Church - Historic Building/Landmark
645 Boylston Street, Boston, MA 02116
Looking at Old South Church from Copley Square, visitors see an outstanding and colorful example of Northern Italian Gothic architecture, advocated in the 1850s by the English architectural critic John Ruskin. This National Historic Landmark building is an unusually ornate design for a New England Congregational church. It radiates the opulent taste and the sense of optimism and progress of the Industrial Revolution following the Civil War. The church, constructed between 1872 and 1875 for a congregation founded in 1669, is distinguished by its tall bell tower; brown, pink and grey stonework; walls of Roxbury puddingstone; decorative carvings; a roof striped with tiles of red and black slate; and a cupola or lantern of green and russet-colored copper.
Benjamin Franklin was baptized in 1706 at the congregation’s Cedar Meeting House on downtown Washington Street. Members of this historic congregation include Samuel Adams, Revolutionary patriot and brewer; Samuel Sewall, judge and diarist; Thomas Prince, minister and book collector; William Dawes, Paul Revere’s fellow rider in 1775; Phillis Wheatley, America’s first published black poet; and Elizabeth Vergoose, said to be the Mother Goose of nursery rhymes. Old South is also known for being the church at the Boylston Street finish line of the Boston Marathon.

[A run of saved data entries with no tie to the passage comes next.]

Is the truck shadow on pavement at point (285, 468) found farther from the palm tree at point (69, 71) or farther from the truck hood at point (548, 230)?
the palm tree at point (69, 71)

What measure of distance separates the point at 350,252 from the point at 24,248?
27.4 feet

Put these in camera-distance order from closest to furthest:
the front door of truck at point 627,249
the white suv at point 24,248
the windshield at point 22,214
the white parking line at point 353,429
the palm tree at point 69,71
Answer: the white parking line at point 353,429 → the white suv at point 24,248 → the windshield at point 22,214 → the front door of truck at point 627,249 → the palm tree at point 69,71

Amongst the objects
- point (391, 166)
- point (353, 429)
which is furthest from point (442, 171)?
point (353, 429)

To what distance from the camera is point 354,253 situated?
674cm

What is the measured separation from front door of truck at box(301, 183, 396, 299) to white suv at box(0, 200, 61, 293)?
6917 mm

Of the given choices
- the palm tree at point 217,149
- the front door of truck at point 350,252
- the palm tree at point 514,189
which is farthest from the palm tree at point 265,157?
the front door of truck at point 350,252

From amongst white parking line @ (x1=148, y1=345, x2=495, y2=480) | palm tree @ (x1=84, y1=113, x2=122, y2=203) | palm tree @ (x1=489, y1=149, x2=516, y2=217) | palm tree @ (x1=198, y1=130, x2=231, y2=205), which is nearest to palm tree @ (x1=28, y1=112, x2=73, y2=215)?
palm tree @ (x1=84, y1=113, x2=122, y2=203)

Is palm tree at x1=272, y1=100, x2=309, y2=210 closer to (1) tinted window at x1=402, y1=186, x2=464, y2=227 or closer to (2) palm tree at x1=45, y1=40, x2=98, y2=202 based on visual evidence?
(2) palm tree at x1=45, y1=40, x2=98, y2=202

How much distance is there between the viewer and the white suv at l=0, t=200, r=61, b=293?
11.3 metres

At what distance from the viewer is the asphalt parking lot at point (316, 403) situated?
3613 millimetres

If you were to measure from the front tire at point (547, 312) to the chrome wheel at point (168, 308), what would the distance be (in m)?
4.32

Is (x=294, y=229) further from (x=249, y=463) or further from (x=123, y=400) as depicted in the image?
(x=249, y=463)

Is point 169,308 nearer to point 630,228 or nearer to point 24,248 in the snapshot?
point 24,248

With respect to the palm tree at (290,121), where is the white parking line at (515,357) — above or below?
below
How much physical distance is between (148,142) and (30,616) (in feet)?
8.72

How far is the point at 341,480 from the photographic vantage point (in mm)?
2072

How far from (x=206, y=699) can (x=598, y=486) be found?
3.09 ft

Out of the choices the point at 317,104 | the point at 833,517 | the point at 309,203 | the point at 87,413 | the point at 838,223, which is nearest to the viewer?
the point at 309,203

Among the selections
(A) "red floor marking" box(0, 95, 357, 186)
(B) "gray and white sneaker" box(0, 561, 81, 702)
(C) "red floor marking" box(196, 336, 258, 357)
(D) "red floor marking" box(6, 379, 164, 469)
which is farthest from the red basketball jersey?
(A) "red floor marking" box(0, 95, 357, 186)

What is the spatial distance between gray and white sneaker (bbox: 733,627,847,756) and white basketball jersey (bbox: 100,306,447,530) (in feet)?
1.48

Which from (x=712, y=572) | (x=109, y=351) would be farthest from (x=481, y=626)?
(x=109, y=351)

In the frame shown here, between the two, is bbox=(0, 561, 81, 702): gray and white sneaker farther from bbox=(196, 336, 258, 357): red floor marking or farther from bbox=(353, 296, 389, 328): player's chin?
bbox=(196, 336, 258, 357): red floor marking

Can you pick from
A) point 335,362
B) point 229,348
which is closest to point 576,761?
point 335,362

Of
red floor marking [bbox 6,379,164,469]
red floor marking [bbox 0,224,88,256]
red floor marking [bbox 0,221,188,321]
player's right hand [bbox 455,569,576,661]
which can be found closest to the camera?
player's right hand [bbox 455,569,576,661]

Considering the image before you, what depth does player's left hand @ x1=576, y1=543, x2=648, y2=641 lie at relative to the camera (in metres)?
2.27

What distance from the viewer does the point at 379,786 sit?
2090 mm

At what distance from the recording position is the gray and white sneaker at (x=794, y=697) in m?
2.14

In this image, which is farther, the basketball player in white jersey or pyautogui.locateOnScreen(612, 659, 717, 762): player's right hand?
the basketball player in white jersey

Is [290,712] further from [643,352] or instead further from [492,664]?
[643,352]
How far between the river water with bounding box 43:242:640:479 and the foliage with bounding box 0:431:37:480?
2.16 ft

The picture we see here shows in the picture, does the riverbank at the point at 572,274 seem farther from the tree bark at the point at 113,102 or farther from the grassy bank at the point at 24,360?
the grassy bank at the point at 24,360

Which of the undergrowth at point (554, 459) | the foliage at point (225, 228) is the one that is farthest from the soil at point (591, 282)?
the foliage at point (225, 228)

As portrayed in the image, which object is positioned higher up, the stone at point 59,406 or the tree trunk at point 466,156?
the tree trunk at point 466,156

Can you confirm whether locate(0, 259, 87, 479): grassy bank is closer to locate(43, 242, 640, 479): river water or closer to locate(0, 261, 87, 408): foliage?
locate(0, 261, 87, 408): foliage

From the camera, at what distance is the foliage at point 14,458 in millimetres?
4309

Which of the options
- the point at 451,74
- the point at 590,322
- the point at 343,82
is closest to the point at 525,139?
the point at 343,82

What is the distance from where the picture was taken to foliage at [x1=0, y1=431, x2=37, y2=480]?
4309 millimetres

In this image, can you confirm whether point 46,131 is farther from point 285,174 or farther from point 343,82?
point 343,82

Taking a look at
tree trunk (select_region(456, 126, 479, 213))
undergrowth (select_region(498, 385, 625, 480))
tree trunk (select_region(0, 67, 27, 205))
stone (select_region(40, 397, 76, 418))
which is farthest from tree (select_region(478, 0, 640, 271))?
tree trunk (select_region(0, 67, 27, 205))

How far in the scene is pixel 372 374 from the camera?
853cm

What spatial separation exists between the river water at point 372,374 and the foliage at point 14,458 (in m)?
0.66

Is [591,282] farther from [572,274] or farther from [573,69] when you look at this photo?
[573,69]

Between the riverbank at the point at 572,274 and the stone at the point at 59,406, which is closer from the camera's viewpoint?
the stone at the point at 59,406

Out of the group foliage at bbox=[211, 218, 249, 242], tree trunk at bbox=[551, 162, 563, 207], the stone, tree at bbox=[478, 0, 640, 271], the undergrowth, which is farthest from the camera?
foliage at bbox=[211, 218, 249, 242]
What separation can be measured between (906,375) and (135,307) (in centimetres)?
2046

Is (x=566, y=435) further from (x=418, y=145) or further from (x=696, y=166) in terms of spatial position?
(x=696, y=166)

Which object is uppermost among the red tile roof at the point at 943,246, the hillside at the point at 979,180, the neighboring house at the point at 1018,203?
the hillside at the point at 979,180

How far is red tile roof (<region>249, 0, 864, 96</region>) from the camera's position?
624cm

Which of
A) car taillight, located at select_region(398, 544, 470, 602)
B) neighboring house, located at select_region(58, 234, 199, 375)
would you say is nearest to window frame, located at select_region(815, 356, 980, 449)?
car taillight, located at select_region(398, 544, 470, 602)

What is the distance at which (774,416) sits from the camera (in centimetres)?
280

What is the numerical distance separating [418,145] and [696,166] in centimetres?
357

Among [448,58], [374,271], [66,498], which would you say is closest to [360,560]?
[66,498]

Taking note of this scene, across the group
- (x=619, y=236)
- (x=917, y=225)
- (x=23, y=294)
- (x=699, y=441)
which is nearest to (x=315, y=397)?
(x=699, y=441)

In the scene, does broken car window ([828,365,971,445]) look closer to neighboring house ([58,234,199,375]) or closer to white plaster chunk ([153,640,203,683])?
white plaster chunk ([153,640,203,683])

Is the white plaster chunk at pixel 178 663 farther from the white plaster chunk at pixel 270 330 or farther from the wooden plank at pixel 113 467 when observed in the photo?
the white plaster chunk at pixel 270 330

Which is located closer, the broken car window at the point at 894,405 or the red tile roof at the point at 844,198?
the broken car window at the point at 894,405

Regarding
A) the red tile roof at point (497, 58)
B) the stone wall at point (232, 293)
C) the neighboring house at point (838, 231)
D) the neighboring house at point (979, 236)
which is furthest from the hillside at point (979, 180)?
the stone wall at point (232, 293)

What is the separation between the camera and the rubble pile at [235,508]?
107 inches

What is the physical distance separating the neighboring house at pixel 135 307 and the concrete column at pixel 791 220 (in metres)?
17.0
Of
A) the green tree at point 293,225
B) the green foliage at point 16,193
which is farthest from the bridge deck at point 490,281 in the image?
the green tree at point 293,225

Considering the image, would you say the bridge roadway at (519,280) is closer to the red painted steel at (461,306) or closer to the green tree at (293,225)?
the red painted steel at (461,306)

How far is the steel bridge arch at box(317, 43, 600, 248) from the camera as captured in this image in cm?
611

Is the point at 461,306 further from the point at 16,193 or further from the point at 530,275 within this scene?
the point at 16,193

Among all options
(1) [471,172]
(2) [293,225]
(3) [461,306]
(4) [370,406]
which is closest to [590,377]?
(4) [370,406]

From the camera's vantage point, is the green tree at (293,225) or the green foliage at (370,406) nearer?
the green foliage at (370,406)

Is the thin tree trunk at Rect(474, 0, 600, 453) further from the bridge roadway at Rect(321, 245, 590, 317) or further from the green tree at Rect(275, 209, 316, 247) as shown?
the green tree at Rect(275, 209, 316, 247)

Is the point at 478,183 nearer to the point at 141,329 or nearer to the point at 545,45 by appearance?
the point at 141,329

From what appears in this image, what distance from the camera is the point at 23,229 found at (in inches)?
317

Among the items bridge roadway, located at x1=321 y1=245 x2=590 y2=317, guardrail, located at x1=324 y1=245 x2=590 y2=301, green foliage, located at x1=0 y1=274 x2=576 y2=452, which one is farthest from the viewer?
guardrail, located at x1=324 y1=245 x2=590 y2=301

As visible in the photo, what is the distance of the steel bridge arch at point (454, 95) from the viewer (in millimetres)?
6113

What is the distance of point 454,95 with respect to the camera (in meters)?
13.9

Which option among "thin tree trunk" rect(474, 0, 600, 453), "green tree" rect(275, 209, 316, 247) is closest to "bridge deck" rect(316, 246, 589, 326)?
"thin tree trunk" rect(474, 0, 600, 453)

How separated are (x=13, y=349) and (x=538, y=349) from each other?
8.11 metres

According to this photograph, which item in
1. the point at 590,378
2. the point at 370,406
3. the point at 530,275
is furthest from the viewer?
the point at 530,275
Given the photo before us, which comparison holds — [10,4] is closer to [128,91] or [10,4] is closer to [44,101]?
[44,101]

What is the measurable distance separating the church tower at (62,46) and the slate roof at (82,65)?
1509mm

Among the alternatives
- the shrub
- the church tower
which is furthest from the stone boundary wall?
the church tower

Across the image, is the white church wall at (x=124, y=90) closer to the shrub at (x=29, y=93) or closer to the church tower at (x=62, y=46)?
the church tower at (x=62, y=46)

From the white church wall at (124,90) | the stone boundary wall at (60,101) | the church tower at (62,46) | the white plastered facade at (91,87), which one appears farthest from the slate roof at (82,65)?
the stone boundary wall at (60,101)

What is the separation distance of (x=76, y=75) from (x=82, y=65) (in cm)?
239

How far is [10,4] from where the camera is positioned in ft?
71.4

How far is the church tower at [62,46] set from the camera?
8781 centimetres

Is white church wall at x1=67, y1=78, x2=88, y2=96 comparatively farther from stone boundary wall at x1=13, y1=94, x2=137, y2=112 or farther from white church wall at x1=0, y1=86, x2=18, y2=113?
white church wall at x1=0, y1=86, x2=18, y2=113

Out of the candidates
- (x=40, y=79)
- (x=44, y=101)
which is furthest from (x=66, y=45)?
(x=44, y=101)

Old South Church played a significant role in American history through the bold actions of the Sons of Liberty at the Old South Meeting House. There, in 1773, Samuel Adams gave the signal for the “war whoops” that started the Boston Tea Party. During the Civil War, 1,019 men enlisted in one day at Old South to fight for the Union cause. Old South’s ministry has been distinguished by eloquent preaching on matters of theology and conscience by Samuel Willard, Benjamin Wisner, Jacob Manning, George Gordon, Frederick Meek and James Crawford. As poet John Greenleaf Whittier wrote, “So long as Boston shall Boston be, And her bay tides rise and fall, Shall freedom stand in the Old South Church, And plead for the rights of all.” Members of Old South helped found institutions serving economic and social justice-the City Mission Society, the Boston Seafarers Society, Training Inc., Boston Aging Concerns-Young And Old United, and Tent City Corporation.